Boeing also said Wednesday it would make standard an alert that displays if the two sensors are contradicting each other. It had been included only as an option in the original model.

Investigators in Indonesia have fingered faulty data as a factor in the crash of a Lion Air jet last year. The software is believed to also be at the center of the Ethiopian Airlines crash earlier this month.

More than 200 airline pilots, technical leaders and regulators convened at Boeing’s sprawling production facility outside of Seattle Wednesday as the company rolled out efforts to restore industry confidence in its safety protocols and the airworthiness of the 737 Max.

The gathering came at a crisis moment for the iconic American company, now under criminal scrutiny by the Justice Department for its certification and marketing of the 737 Max plane.

Boeing’s stock market value has taken a hit two weeks after the FAA, and regulators around the world, ordered the 737 Max fleet temporarily grounded.

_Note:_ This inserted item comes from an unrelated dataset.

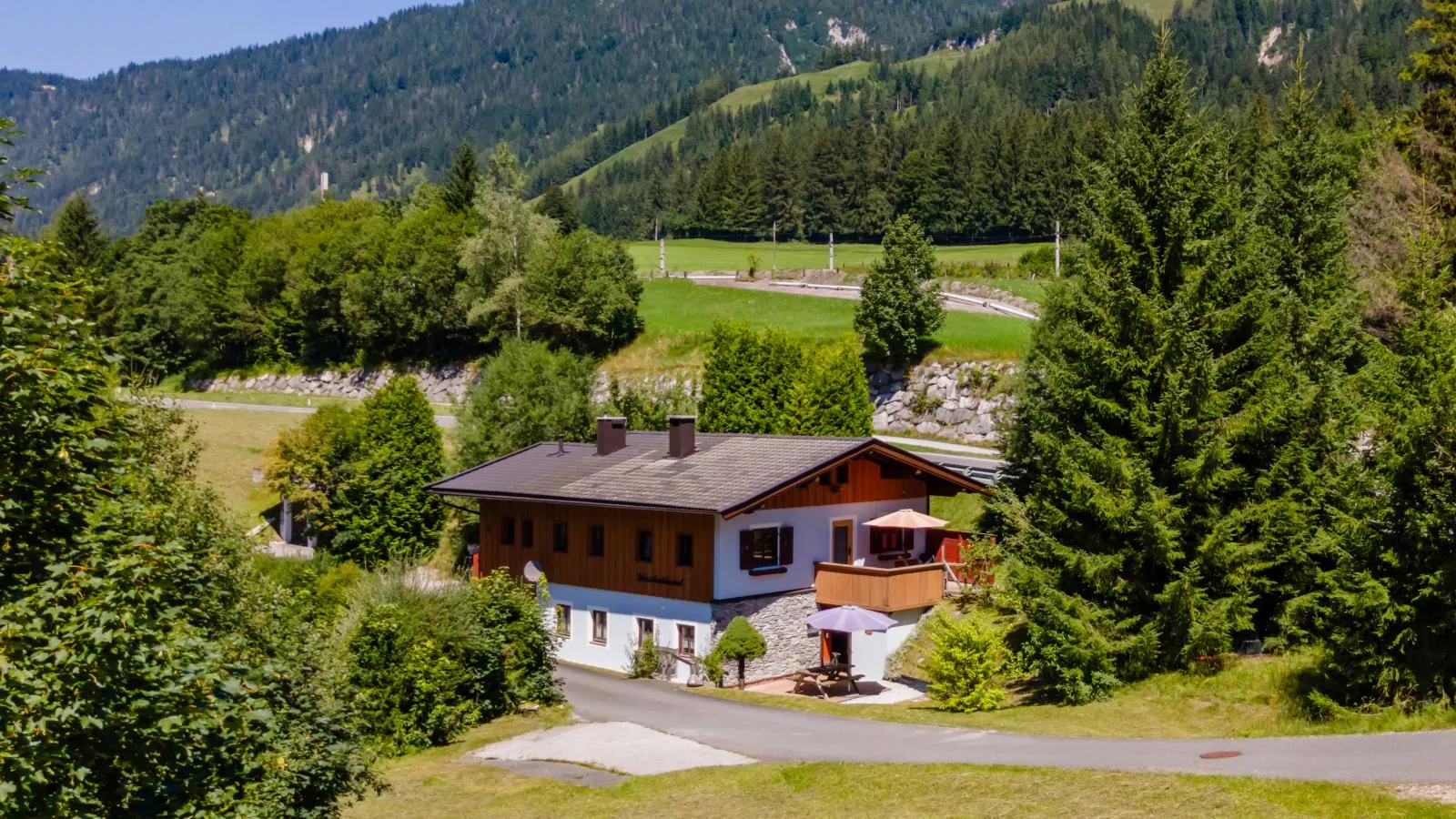 Haus Weissbach-Buitenkant zomer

Boeing plans to make their final submission of compliance documents for the update to the Maneuvering Characteristics Augmentation System, or MCAS, software to the FAA by the end of the week, a Boeing official said Tuesday.

On Wednesday, the industry officials at the gathering heard a presentation from the company’s chief pilot for commercial airplanes, Craig Bomben, and Mike Sinnett, the vice president of product strategyfor Boeing Commercial planes, according to a Boeing spokesman.

Software designers at Boeing developed the update to the system after extensive engineering analysis, design, and verification, the official said, and first submitted a proposed certification plan for the update to the FAA on January 21.

The MCAS system was added to the 737 Max to compensate for a shift in the center of gravity of the plane from the original 737 model brought about by changes including the placement of new fuel-efficient engines.

The system is designed to automatically command a plane to pitch down if it senses an imminent stall.

Boeing pilots worked with the company’s software design team throughout months of production to incorporate multiple layers of protection in the event of sensor errors or other erroneous inputs, the Boeing official said.

The updated software will also draw data from two sensors, instead of one, Boeing said Wednesday.

Simulator operators at Boeing programmed test flights of the new software with “the most challenging scenarios,” mimicking multiple failure situations, the official said.

Boeing pilots later conducted a certification flight with the FAA on March 12, two days after the Ethiopian Airlines crash, to demonstrate to regulators that the updated software met certification requirements, the official said.

On Saturday, the three US airlines that fly the 737 Max ran successful flights on a simulator designed to recreate the Lion Air flight with both the current and the updated software at the Boeing facility in Renton, Wash.

Pilots have said their training on the 737 Max consisted of a short, self-administered online course that made no mention of the new MCAS system and how to disable it in a situation that the pilots on the Lion Air, and likely the Ethiopian Airlines flights, faced.

As they battled the uncooperative and diving plane last year, the pilots on the doomed Lion Air flight attempted a routine maneuver to try and stabilize the plane by triggering a switch near the steering wheel approximately three dozen times, according to a report by Indonesian investigators.

But the force of the software continued to send the plane downward until it reached an angle that would have been unrecoverable for the pilots.

To shut down the MCAS software, the lead pilot would have had to turn around and flip two switches behind him, a move that a representative for American Airline’s pilots union called a “tremendous leap of logic.”

“There’s no intuitive connection between those two things,” Captain Jason Goldberg said, referring to what pilots would have been fighting with the MCAS software and this two-switch solution.

“We have very well-trained pilots all over the world but a scenario involving pre-briefed pilots who know what’s coming in a simulator should not be confused with a real life emergency involving a system that pilots did not even know existed prior to the event,” Goldberg told CNN after the Saturday session.